"It must be remembered that there is nothing more difficult to plan, more doubtful of success, nor more dangerous to manage, than the creation of a new system. For the initiator has the enmity of all who would profit by the preservation of the old institutions and merely lukewarm defenders in those who would gain by the new ones." Machiavelli
Paving Their WayBy DIA, Section News
Here at DIA we like to evaluate things on a financial basis. We don't like paying high taxes. We don't like ever increasing water bills. We don't like to hear that they got all new golf carts at the golf course but we can't pave the roads of the city. We especially don't like hearing that the corporate profits for the convention center hotel will be guaranteed with our future tax dollars. We don't like hearing that "of course a convention center" will lose money but that doesn't matter. We don't like hearing that not one politician in Albany can think of a better way to spend $220 million of our tax dollars than on a money losing convention center. This all indicates to us that our politicians are not running the city like a business but instead like a project that can continually dip into their big friendly perpetual lenders....the taxpayers. This angers us. And then we get periodic glimpses into one of the main reasons we are in such bad shape. They don't know what they are doing. Or they don't care that they are bankrupting the city.

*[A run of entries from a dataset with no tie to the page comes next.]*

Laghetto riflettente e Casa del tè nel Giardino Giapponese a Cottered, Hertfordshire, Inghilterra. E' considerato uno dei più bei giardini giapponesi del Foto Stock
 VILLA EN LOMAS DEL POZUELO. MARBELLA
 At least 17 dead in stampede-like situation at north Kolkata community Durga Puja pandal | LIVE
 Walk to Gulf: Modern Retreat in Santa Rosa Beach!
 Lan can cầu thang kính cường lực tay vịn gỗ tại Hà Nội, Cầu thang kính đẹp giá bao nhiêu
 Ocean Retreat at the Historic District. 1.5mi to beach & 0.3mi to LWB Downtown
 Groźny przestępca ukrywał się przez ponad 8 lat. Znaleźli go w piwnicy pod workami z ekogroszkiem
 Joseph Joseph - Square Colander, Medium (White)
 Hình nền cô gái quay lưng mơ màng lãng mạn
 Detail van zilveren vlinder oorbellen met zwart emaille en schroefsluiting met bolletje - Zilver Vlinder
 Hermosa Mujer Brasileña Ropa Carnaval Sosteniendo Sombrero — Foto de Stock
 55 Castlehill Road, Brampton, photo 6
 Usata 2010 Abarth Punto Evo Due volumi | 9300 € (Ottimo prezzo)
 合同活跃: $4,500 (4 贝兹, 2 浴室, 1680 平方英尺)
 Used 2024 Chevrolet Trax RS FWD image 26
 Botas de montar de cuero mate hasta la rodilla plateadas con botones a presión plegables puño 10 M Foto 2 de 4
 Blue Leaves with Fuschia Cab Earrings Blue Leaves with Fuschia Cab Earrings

An audit of the Albany Water Department by the state Comproller: “The Albany Water Board and Finance Authority are more examples of very poorly operated public authorities,” Hevesi said. “The result is huge deficits and fast growing costs for Albany water ratepayers.”This audit showed that the Water Authority wasn't paying the city the money owed it. Where was the city's treasurer on this issue? Silent. Speaking of the city treasurer. What does it say about the financial management of your city when the city's comptroller has to sue the city's treasurer to actually get the information he needs to do his job? Doesn't exactly inspire confidence now, does it? Which brings us to today's news. Some common council members have been asking to see documentation on how the city chooses which streets need to be repaved. We find THERE IS NONE. "No written policy" Apparently the $1.9 million budget is spent based on who calls up and asks for their street to be paved. We are told it is just a coincidence that the deputy mayor's street was going to be paved this year. Or perhaps it isn't. Perhaps someone told him that all one had to do was to phone up and ask for your slice of the $1.9 million. I hadn't seen that policy posted on the city website. Imagine a place where someone can spend a $1.9 million budget with no policy on how to spend it, no analysis required on how to spend it to get the greatest return on investment, no anything that even vaguely resembles how someone would run a real business. Welcome to Albany. Perhaps you might want to think twice about voting for the incumbent next time. PS. Remember when it was reported that a city worker was paving the driveway of his house with city equipment and workers? And his neighbor phoned him in after she reported being "fined" for questioning this. Remember when Jennings and his sidekick Rabito promised they would seek justice? And remember when nothing happened? I guess when there is no written policy things like that can happen. And of course Jennings and Rabito never did a thing.